Bir kere ortada insanlık suçu yok. Çünkü kasıt yok. 1915'te başka çare yoktu. Ben bu konuda taraf değilim. Talat Paşa'nın defterini yayımladığım için iki taraf da bana köpürdü. Ermeniler küfrediyor çünkü onlar 'bir buçuk milyon öldü' diyor. Talat Paşa ise 'Tehcire 924 bir küsur gönderdim' diyor. Öbür taraf ise '400, 500 bin öldü' diyor. Bakın... Soykırım çok ağır bir şeydir. Bir milletin üzerine sürülen bir lekedir. Kimse Türkiye'ye soykırım lekesini süremez. Bu iddia nereden çıktı? Bugün kabul edilmiş en önemli soykırım Yahudi soykırımıdır. Bütün Ermeni araştırmacıların maddi desteği nereden geliyor? Diaspora'dan mı? Hayır. Alman vakıflarından geliyor. Niye? Çünkü Almanya kendi soykırımına dünyada ortak arıyor. Türkiye'ye yönelik soykırım suçlamalarını başlatanlar Almanlardır. Bu konuda yazan birçok Türk'ün destekçisi Alman vakıflarıdır.

Atatürk'ün Ermeni meselesine bakışı neydi?

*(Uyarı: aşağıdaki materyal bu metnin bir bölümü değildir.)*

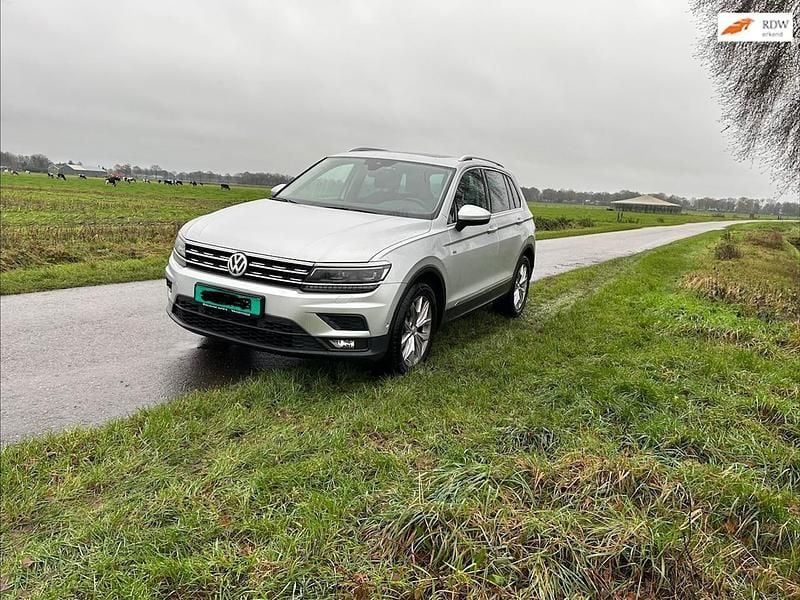 Grijs Gebruikt 2018 VW Tiguan Comfortline SUV | € 19.850 (Eerlijke prijs) - Afbeelding 1/4
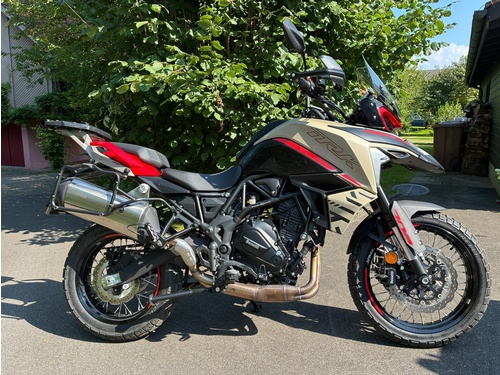 Benelli TRK 702 X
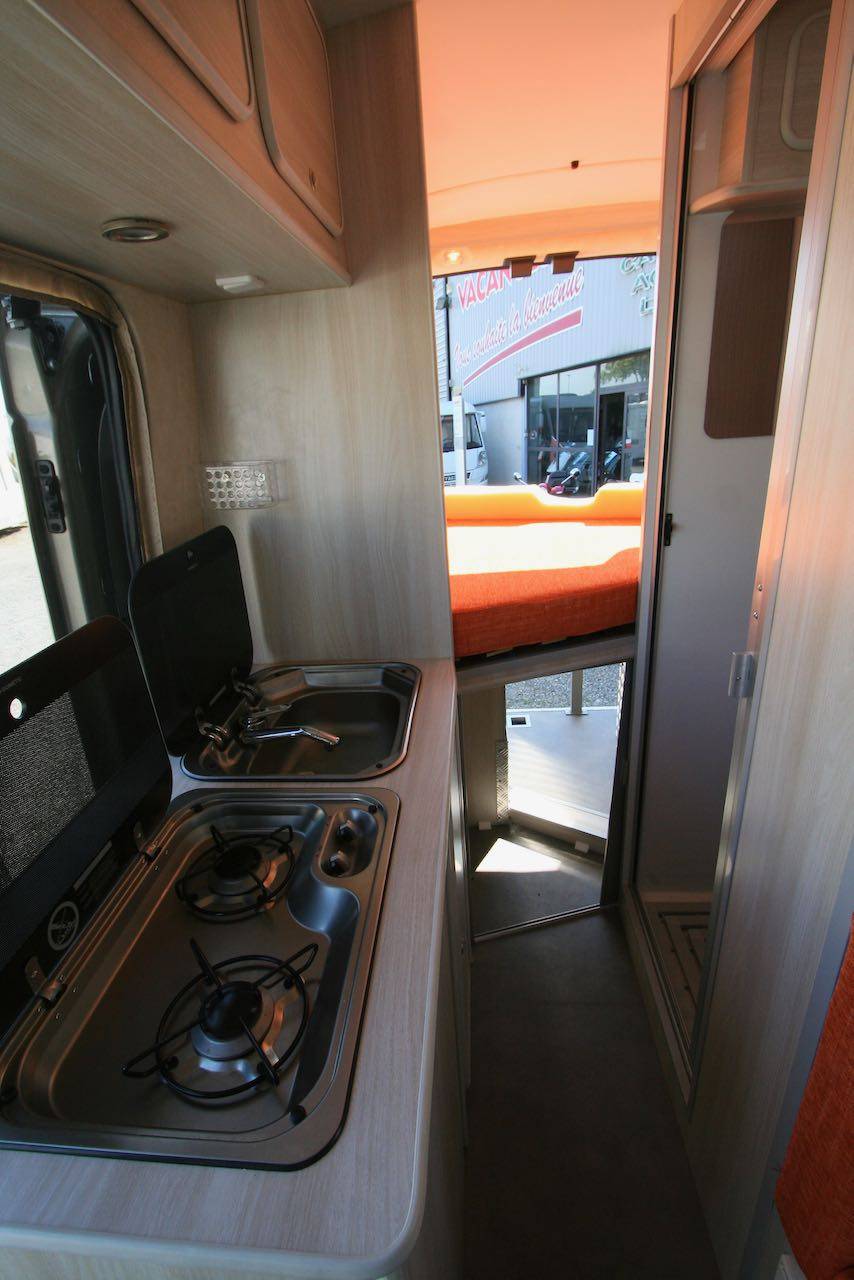 Fourgon aménagé, lit sur soute, 4x4, Clémenson aménagement  à Roques près Toulouse (31)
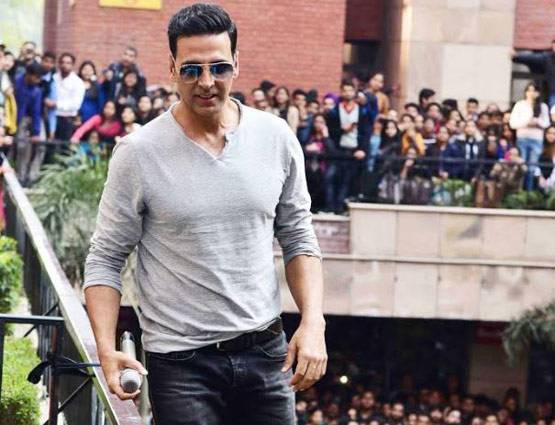 Jolly LLB प्रमोशन: अक्षय ने स्टूडेंट्स को दिखाया लाइव स्टंट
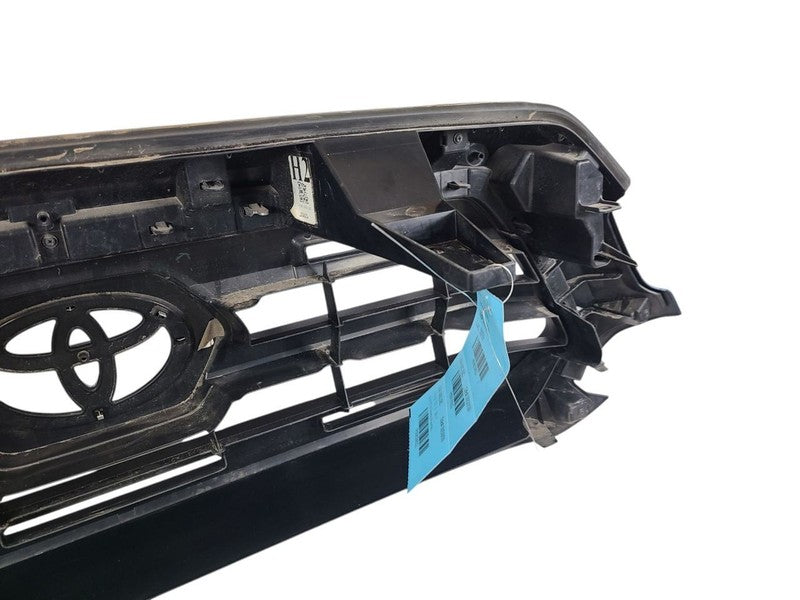 Grille Upper Chrome Grille Surround Moulding SR5 Fits 16-17 TACOMA 629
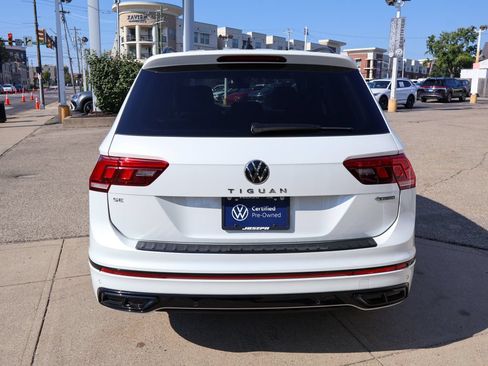 Used 2024 Volkswagen Tiguan SE R-Line AWD/4WD image 4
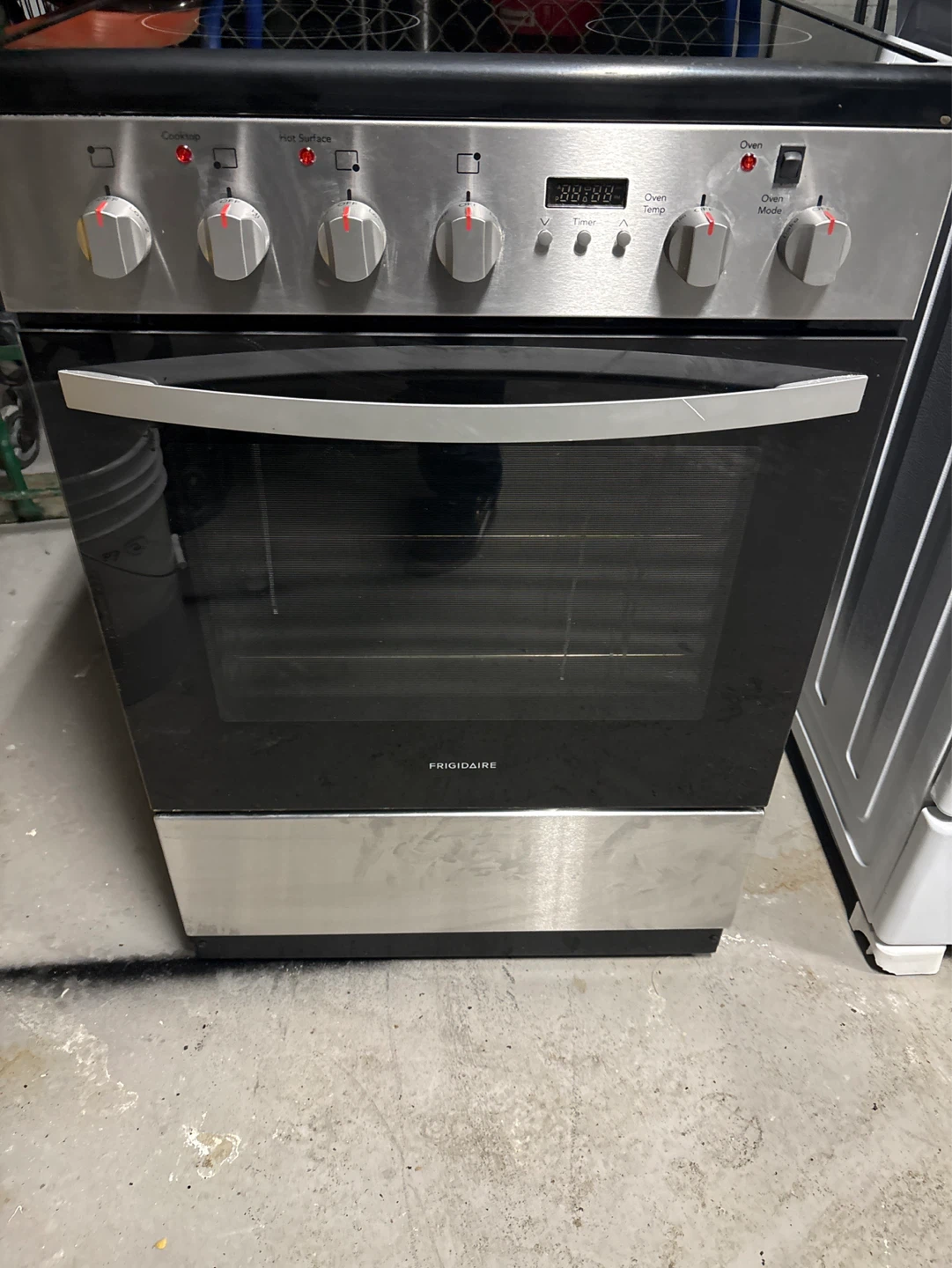 Frigidaire Electric Range Oven with Glass Top - photo 2
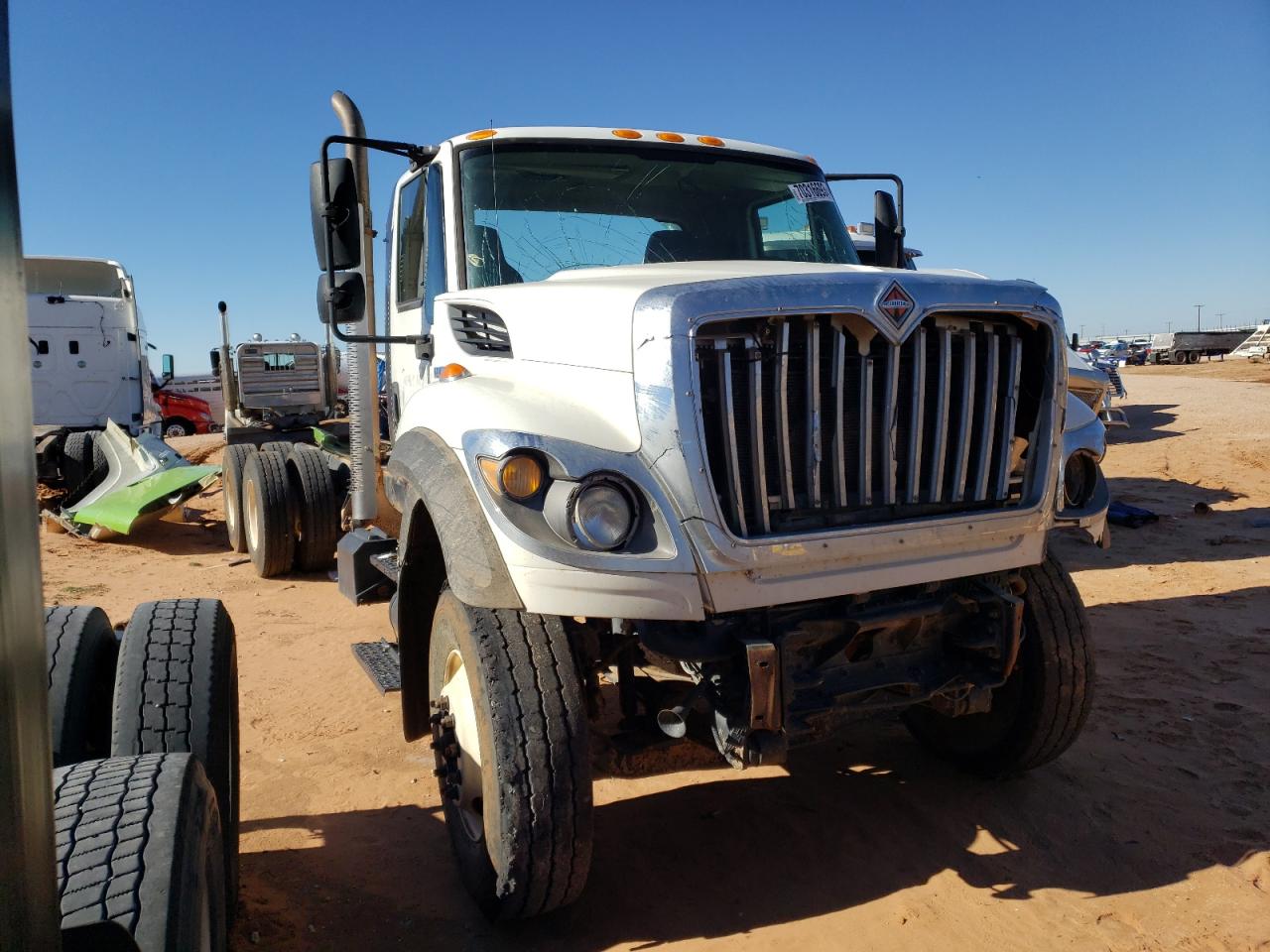 Изображение 1 2012 INTERNATIONAL 7000 7500 2012 с VIN 1HTWPAZR3CJ653632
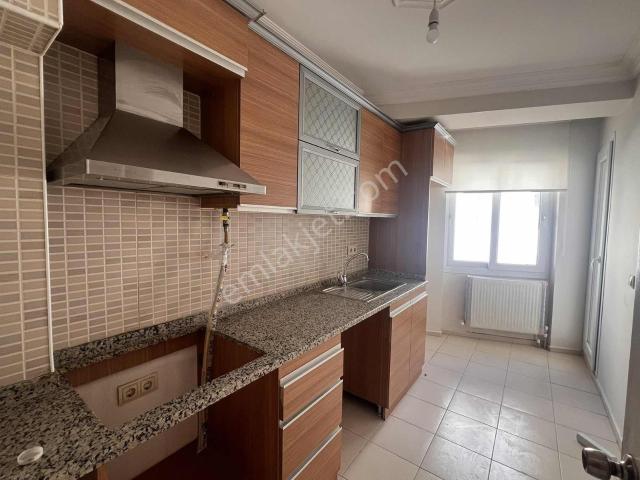 Maliyeciler Mahallesi, Karabağlar içerisinde kiralık mülk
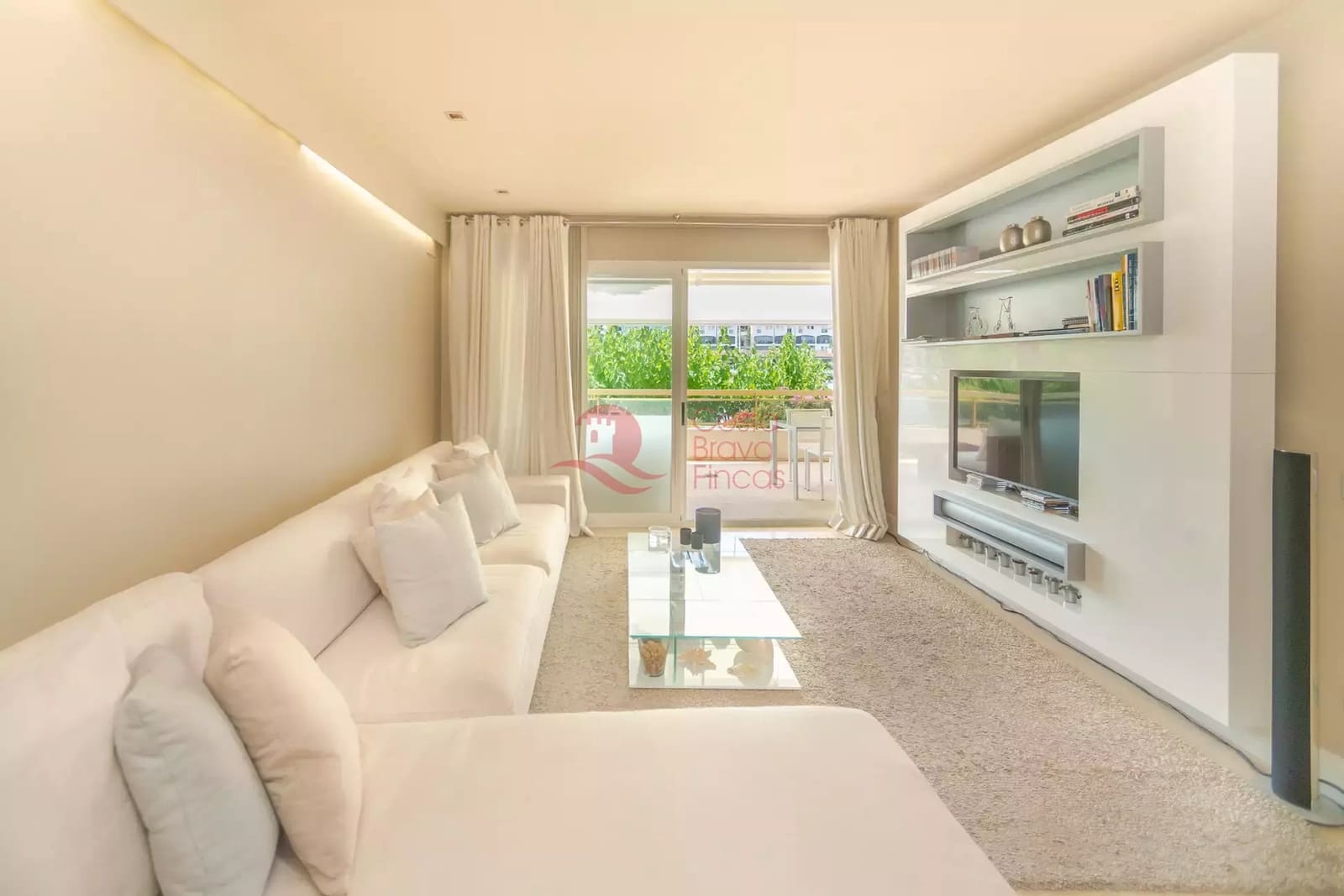 2 sypialnia Apartament na sprzedaż w Platja d'Aro z basenem garażem - 1 100 000 € (Ref: 10157685)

Ermeni meselesi konusunda Atatürk'ün kendi ağzından tek bir lafı yok. Anlatılanlar ikinci, üçüncü dereceden şeyler. Atatürk'ün bu konuda yazılı tek bir şeyi var, o da Amerikan gazetesinde Emile Hilderbrand imzasıyla çıkmış bir demeci. Konusu İzmir suikastı olan röportajda Atatürk, 'Zavallı Ermenileri öldürdüler. Hepsi birden ipe çekilmeden rahat etmeyeceğim' diyor. Bu Atatürk'ün üslubuna uymuyor. Ben araştırıyorum, Hilderbrand isimli bir gazeteci bulamadık. Aslında Atatürk'ün Ermeni meselesine bakışının tek cevabı, verdiği mallardır. Atatürk, Ermenilerin öldürdüğü devlet adamlarının ve memurlarının ailelerine büyük maaş bağladı, onlara el konulan Ermeni mallarını kendi imzasıyla verdi. Talat Paşa'nın karısı en yüksek maaşlardan biri olan vatan-ı hizmet aylığı alıyordu. Merkezi Umumi üyelerinin eşleri ve Teşkilat-ı Mahsusa'nın önemli mensuplarının hanımları da vatan-ı hizmet aylığına bağlandı. En yüksek maaşı da Enver Paşa'nın kızı Mahpeyker Hanım aldı.

Tarihi gerçekler hep tartışılacak, bir meslektaşınız olarak size başka soru sormak istiyorum. 1915'te Ermenilerin başına gelen Türklerin başına gelmiş olsaydı bugün tavrınız ne olurdu? Bu bir karşılıklı öldürme der ve unutur muydunuz?

Türkiye ve Ermenistan ilişkileri gelişse de, Ermenilerin de Türklerin de hafızasından yaşananları silemezsiniz. İki taraf açısından da çok kötü şeyler yaşandı. Bu, işin psikolojik boyutu. İşin bir de siyasi boyutu var ki, bunun çözümü için iki şey gerekli. Ermeniler, 'Biz Türkiye'yi arkadan vurduk' demek zorundalar. Bunu diyemezler. Türkiye de, 'Sen beni arkadan vurdun. Ben de orayı temizledim. Ölenler de öldü' diyemez. Demeleri için asırlar geçmesi lazım. Ayrıca Ermeni meselesi bazı kesimler için bir geçim ve şöhret kaynağı. Diaspora çözüme karşı çıkacaktır çünkü diasporada bu işten para kazananlar var. Bizde de karşı çıkanlar olacaktır. Çünkü örtülü ödenekten, şuradan buradan, devletin bazı fonlarından bu iş için para alıp, hiçbir şeye yaramayan yayın yapan adamlar var.

NOT: Taner Akçam röportajında bazı hata ve eksikler vardı. Falih Rıfkı Atay'ın Atatürk'e ait anısı Dünya gazetesinde 17 Aralık 1967'de yayımlandı. Radikal Türk kanat, İttihat Terakki'de yönetimi 1913'te ele geçirdi. Röportajdaki polis müdürünün ifadesi Morgenthau'nun günlüğünde yer aldı.